After months of anticipation, Jeb Bush has finally announced that he will be running for president, joining ten other GOP hopefuls eyeing to becoming the next president of the United States.
In his optimistic speech given in Miami Dade College, Bush told a crowd of about 3,000 supporters, “Our country is on a very bad course and the nation has a decision to make. The question for me is what am I going to do about it…and I’ve decided that I’m a candidate for president of the United States of America.”
Bush touted his conservative record as Florida governor emphasizing the success he did in turning the state’s economy by adding jobs and cutting taxes. “We made Florida No. 1 in job creation and No. 1 in small business creation,” Bush said. “That was the commitment, and that is the record that turned this state around.”
He pointed out that executive experience is capable to help carry out and fix the national economy by describing himself as a conservative repairman. “We will take Washington, the static capital of this dynamic country out of the business of causing problems,” he said. “We will get back on the side of free enterprise and free people. I know we can fix this. Because I’ve done it.”
During the announcement, Bush encountered protestors wearing neon T-shirts that spelled out, “Legal status is not enough.” Despite their interruptions throughout his speech, it was obvious Bush was not going to touch on immigration. However, after the heckling grew as he was introducing his mother, he fired back by saying: “Just so our friends know, the next president of the United States will pass meaningful immigration reform.”
Bush also went after his Republican opponents. Without mentioning names, he referenced some in Washington as “unseasoned managers.”
“As our whole nation has learned since 2008, executive experience is another term for preparation, and there is no substitute for that, we are not going to clean up the mess in Washington by electing the people who either helped create it or have proven incapable of fixing it.”
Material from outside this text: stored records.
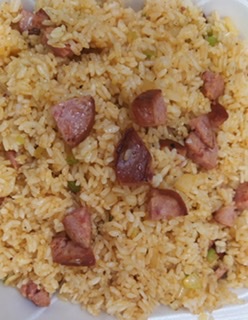 Order Cajun Sausage Fried Rice  food online from Rubys Cajun store, Cherry Hill on bringmethat.com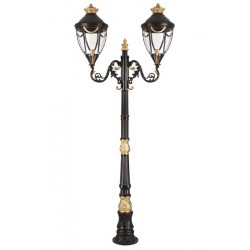 Modi Bahçe Aydınlatma BDR-68001-2S Sarı/Siyah Boyalı Dış Mekan Aydınlatma E27 Aluminyum Polikarbon Cam 110cm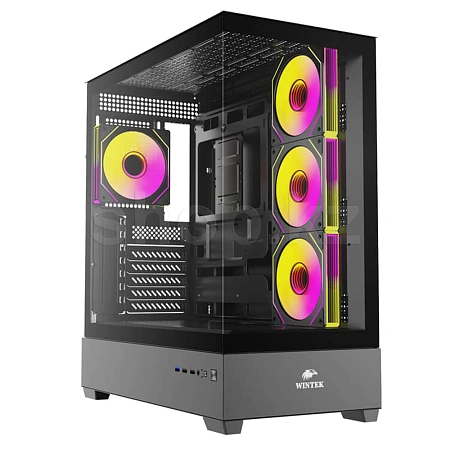 Корпус Wintek Tower 225-B TG, Black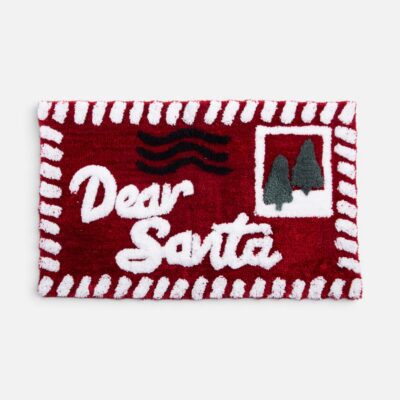 Χριστουγεννιάτικο Χαλάκι Letter To Santa 50x80 Nef Nef Homeware, 45% ΒΑΜΒΑΚΙ-55% ΠΟΛΥΕΣΤΕΡΑΣ
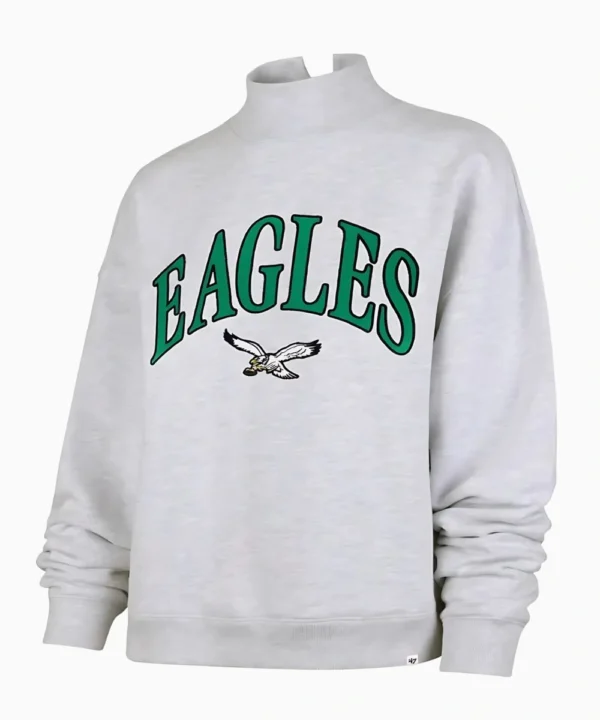 Philadelphia Eagles Vantage Mock Neck Sweatshirt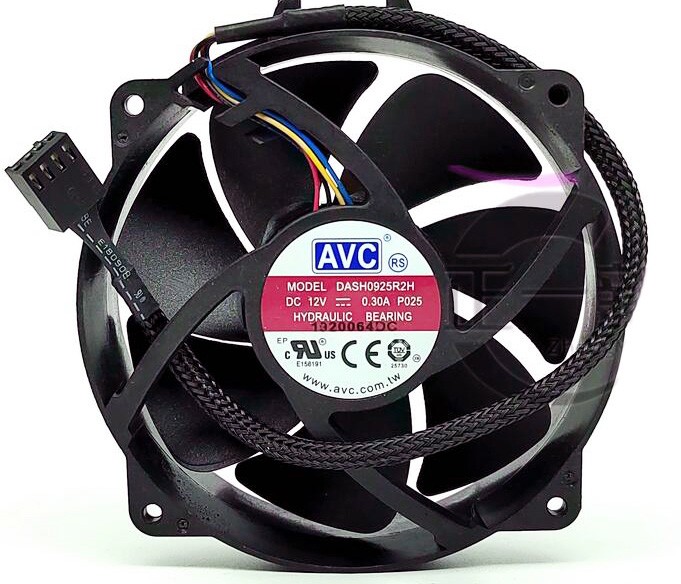 AVC DASH0925R2H 12V 0.30A 4wires Cooling Fan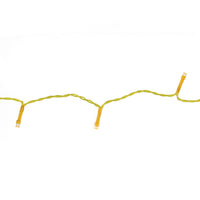 Thumbnail for 20 Amber Battery Operated Wide Angle Christmas Lights - 6.4 ft Yellow Wire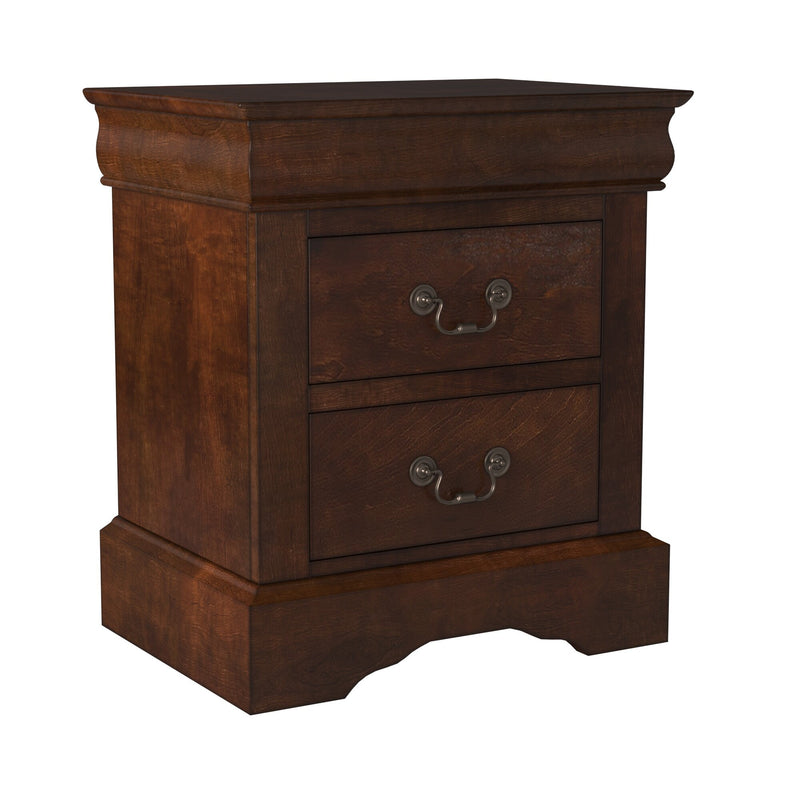 Aiden 2 Drawer Nightstand, Cappuccino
Without offering specifics, Bush called for a 4% annual economic growth that would help create 19 million new jobs:
“Economic growth that makes a difference for hard-working men and women – who don’t need reminding that the economy is more than the stock market,” he said. “Growth that lifts up the middle class – all the families who haven’t gotten a raise in 15 years. Growth that makes a difference for everyone.”
Bush strongly went after President Obama and Democrat front-runner Hillary Clinton stating, “With their phone-it-in foreign policy, the Obama-Clinton-Kerry team is leaving a legacy of crises uncontained, violence unopposed, enemies unarmed, friends undefended, and alliances unraveling. He lashed out on President Obama’s efforts to fix diplomatic relations with Cuba, saying, “We don’t need a glorified tourist to go to Havana in support of a failed Cuba. We need an American president to go to Havana in solidarity with a free Cuban people, and I am ready to be that president.”
“The party now in the White House,” he said, “is planning a no-suspense primary, for a no-change election. To hold onto power, with the same agenda under another name, America deserves better, the presidency should not be passed on from one liberal to the next.”
Before announcing, Bush signaled he would “actively explore” a run beginning of the year as a strategy that worked in his favor. For six months, Bush was behind the scenes, traveling to early key primary states and was heavily fundraising. He was seen as the front-runner in polls until the field for the Republican pack began to grow. That’s when Bush began to drop in polls, trailing behind Governor Scott Walker and Ben Carson, and tied with his protégé Sen. Marco Rubio, who is also from Florida.
In April, I attended the FITN Summit in New Hampshire where Bush addressed voters’ concern of a coronation due to his last name. Acknowledging the political dynasty, Bush spoke of this during his announcement, adding he is ‘his own man.’
“Not a one of us deserves the job by right of resume, party, seniority, family or family narrative, it’s nobody’s turn. It’s everybody’s test, and it’s wide open,” he said.
Bush’s political views are also a challenge as he supports a comprehensive immigration reform and Common Core, both views that have labeled him a moderate among conservatives.
With the crowded field of Tea Party favorites, Bush will need to find ways to regain momentum before the first televised debate, scheduled to air in two months. The pressure to measure up won’t be easy. Last month he stumbled when asked whether he would have authorized the Iraq War, a legacy of his brother’s presidency.
His father, former President George H.W. Bush, and his brother former President George W. Bush were not in attendance, but his mother, former First Lady Barbara Bush, attended. His legacy is a blessing and a curse for Jeb as he seeks to distinguish himself as a political outsider. His campaign logo simply says, Jeb! without his last name.
Whether or not he is able to outshine the shadows of a political dynasty from his father and brother remains to be seen.